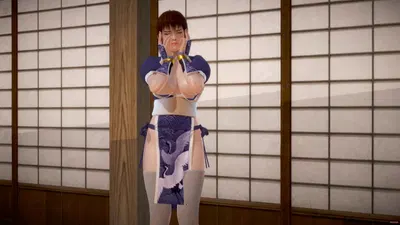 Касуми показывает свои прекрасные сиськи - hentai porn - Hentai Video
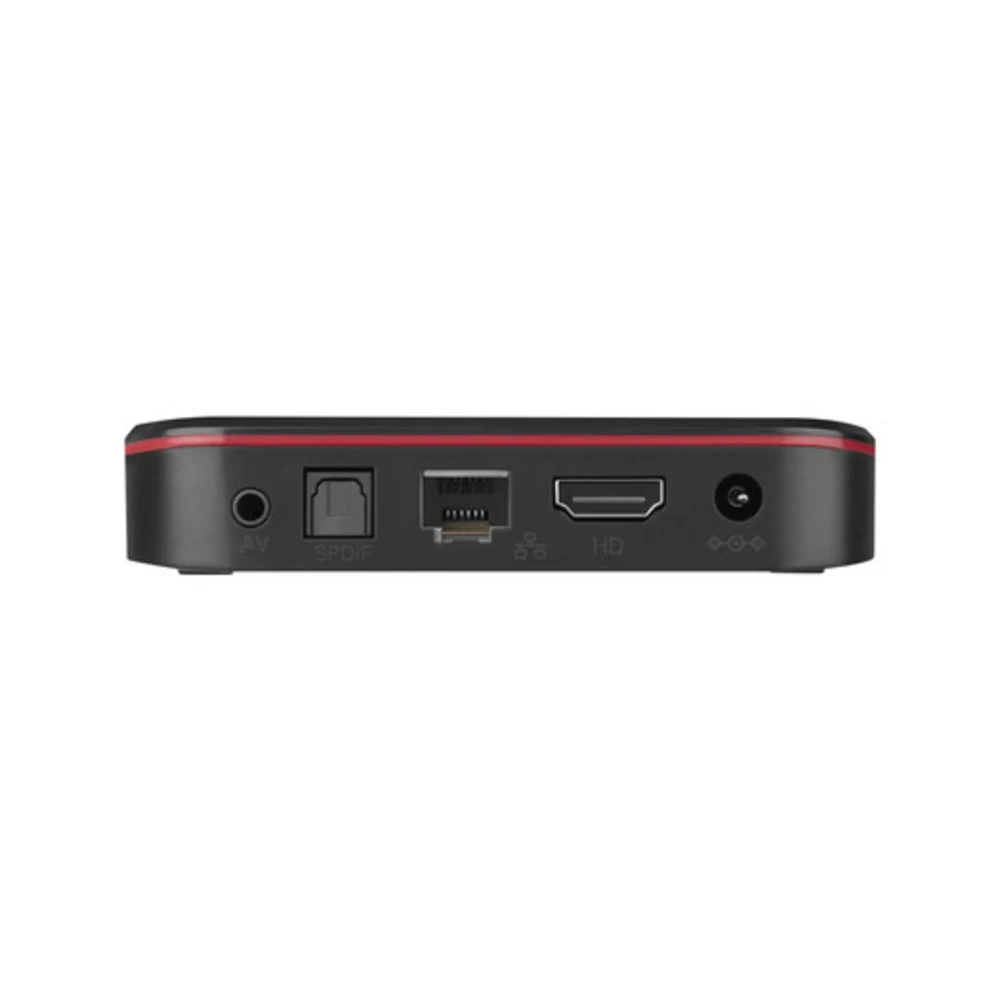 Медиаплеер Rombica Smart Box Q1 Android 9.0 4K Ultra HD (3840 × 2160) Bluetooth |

--

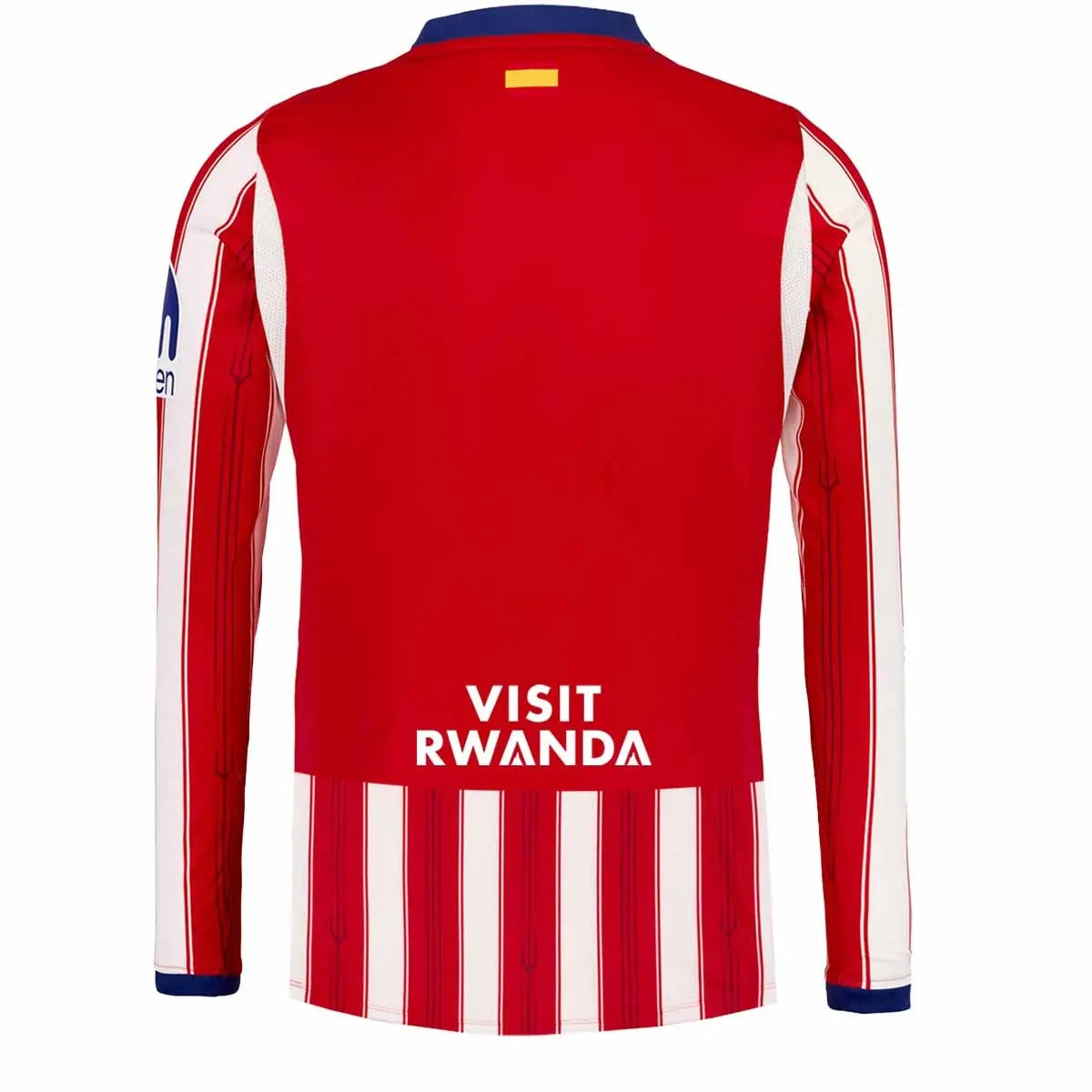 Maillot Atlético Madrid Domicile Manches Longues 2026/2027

#### EXERCISE DESCRIPTION
Take the lines above starting at the one containing "Касуми показывает свои" and ending at the one containing "Медиаплеер Rombica Smart", and print them again exactly, without pictures.

#### TASK SOLUTION
 Касуми показывает свои прекрасные сиськи - hentai porn - Hentai Video
 Медиаплеер Rombica Smart Box Q1 Android 9.0 4K Ultra HD (3840 × 2160) Bluetooth |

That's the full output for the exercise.